Friday, May 24, 2013

Day One Hundred and Forty-four - The New Guy, "LET'S... DO IIIITTTTT(, Eliza Dushku!!)"

This is the guiltiest of my most guilty pleasures, I think.

For the most part, I attribute my love for The New Guy to Eliza Dushku and her parade of swimsuit fashions in the middle of the film. She definitely fits my Bad Girl crush motif in its entirety, whether she's the Uber-bad girl, Faith, or the redeeming herself not-so-bad girl, Later-Faith... well, let's just say that every way she played Faith worked for me. Just like her whichever girl, Echo, or Tru... or... or... her take here in TNG as Danielle.

Eliza... just... DOES IT for me.

The rest of TNG's appeal falls around it's "pathetic loser turned high school hero" storyline. It's always fun to see the little guy triumph against all odds and become the kid all the girls want and all the guys want to be like.

Set in Texas... and I really just can't imagine the hell that high school in Texas is like for dweebs like me... TNG follows young Dizzy Gillespie Harrison (DJ Qualls) who is a complete dork, and suffers for that fact. Along for the ride are his fellow dork friends (including a Zooey Deschanel who hadn't hit her indie-goddess prime yet) as he finds he just can't take it anymore and, with the help of jailbird kingpin Luther (Eddie Griffin), gives himself a badass makeover so he can startoff fresh at a new school.
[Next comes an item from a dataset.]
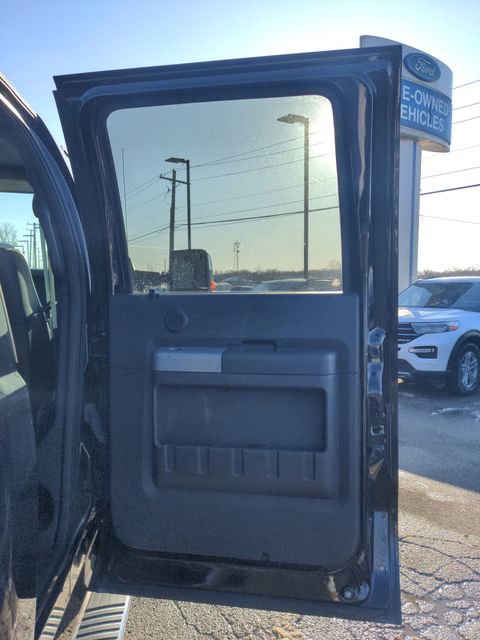 Used 2016 Ford F350 Lariat w/ Lariat Ultimate Package image 34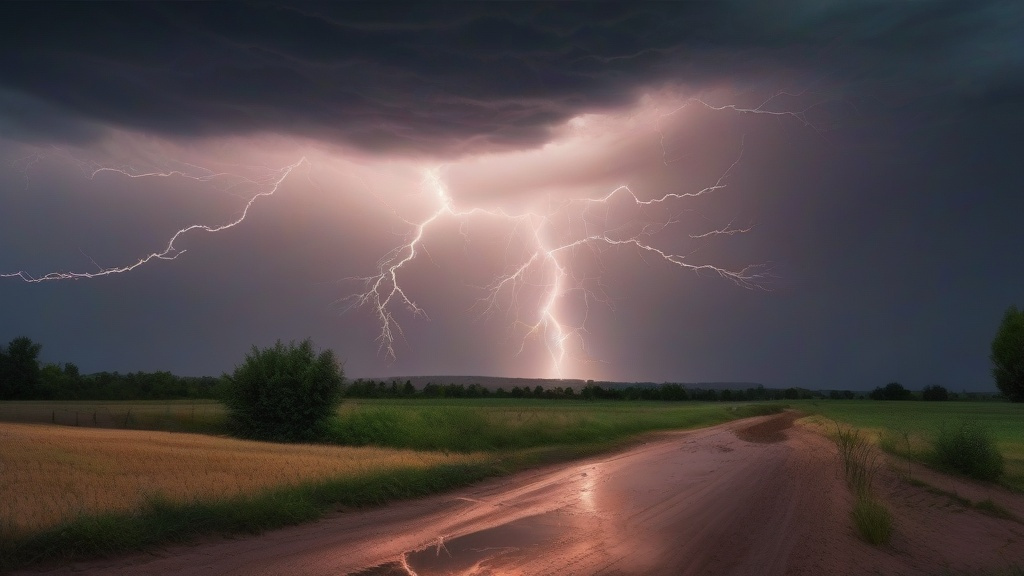 高温预警、数值密码与雷暴玄机：解码气象三重奏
At said new school, he supplants the jerkoff cool kids at the top of the pile and manages to impress cheerleader hottie Danielle (Dusku) in the process. After a few trope hurdles like avoiding his old bully and almost losing his old friends for his new life, Dizzy manages to win over the entire school and witness the comeuppance dealt to his tormentors.

With weird as heck guest spots (including Gene Simmons, Tommy Lee, and Henry Rollins to name a few), lackluster acting from pretty much everyone BUT Eliza, and a silly, plothole heavy script, TNG should be relegated to the bottom of the discount bin, never to be bought, let alone watched... but there's just enough goofy charm and Dushku sex appeal to overcome the film's rampant cheese.

It's shallow of me, I know... but what can I say? I told you it was the guiltiest of guilty pleasure movies, didn't I?

Eliza is so devastatingly gorgeous in my book that I can even forgive the horrible cameos by Tony Hawk and the O'Connell brothers.

If you're looking for deep fare or even a passable coming of age comedy, you done goofed by relying on The New Guy... but I still pull it off the shelf or, in the case of today, find it in my Netflix queue at least once a year.

Usually when I'm lonely and in need of some home grown American Moe.

Plus it has one of my favorite lines by David Hasselhoff in any format, ever. Just, uh, make sure you wait till the end of the movie to catch it.

Also, I've just noticed that every single image capture I made from the film has Eliza in it in some form or another. I've got it bad, I think... and it gives me the deep down blues, even as I look at her and feel warm/giddy and smile.